The exceptional quality of these initial images show that the telescope is ready to start its mission: to scan the entire southern hemisphere sky by taking 1,000 high-definition photographs using six colour filters, every three nights for the next ten years. Studied end-to-end, these scans will provide a high-definition, four-dimensional film of the evolving processes of the Universe. The ten-year project will also generate unprecedentedly rich and profound views of the southern sky and reveal the faintest and furthest-away objects of the cosmos. For the first time on a large scale, this vast survey will reveal the slightest changes in the Universe, from nearby celestial phenomena, such as asteroids and comets, to very distant ones, like supernovae. The project paves the way for major advances in cosmology in dark matter and dark energy, as well as our understanding of our solar system.
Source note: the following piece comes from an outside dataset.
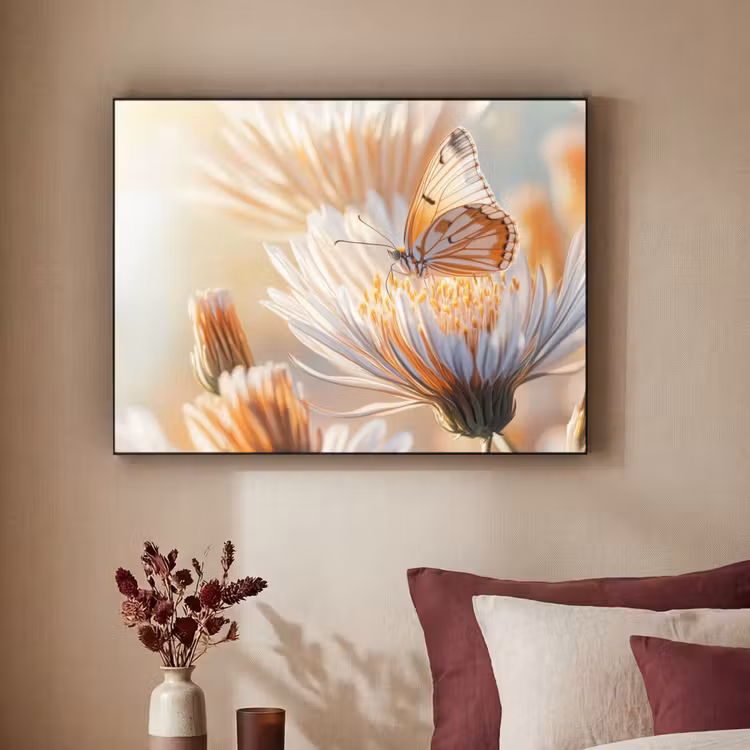 Vlinder - Bloem - Oranje Textielframe - compleet frame klein -sfeer1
In this video, NSF–DOE Vera C. Rubin Observatory showcases 46 subtly pulsating RR Lyrae variable stars in an early glimpse of the dynamic sky Rubin will reveal. Over the next 10 years, Rubin will detect up to about 100,000 of these stars extending out to more than a million light-years away, allowing scientists to map the outer reaches of our Galaxy and explore the structure of the Galactic halo that surrounds the Milky Way and extends nearly halfway to our closest neighbor, the Andromeda galaxy. Credit: NSF–DOE Vera C. Rubin Observatory.

CNRS: a key component of this international project
The project is funded by the U.S. Department of Energy and the U.S. National Science Foundation (NSF). The SLAC National Accelerator Laboratory built the Legacy Survey of Space and Time (LSST) camera. As historic partners, SLAC called on CNRS scientists to help build the focal plane of the camera and help design and build its robotic filter exchange system, which will automatically change the camera’s colour filters—each weighing 24-38 kgs—5-15 times per night. By measuring the quantity of light emitted by night-sky objects, and by converging the images taken through the different filters, it will make it possible to precisely determine their position and distance in relation to the Earth. Other CNRS scientists helped develop the computing infrastructure for the quantitative and qualitative data analysis of the gigantic trove of images that will be collected from the 17 billion observable stars and 20 billion observable galaxies. The goal of this painstaking effort is to create the most comprehensive catalogue of data on the universe. 

Twenty terabytes of collected data will be stored every night. In France, the France Data Facility (IN2P3) (CNRS) in Lyon will store and process 40% of the collected raw image data. This data will be released to scientists around the world at regular intervals to foster groundbreaking discoveries and breakthroughs over the coming decades.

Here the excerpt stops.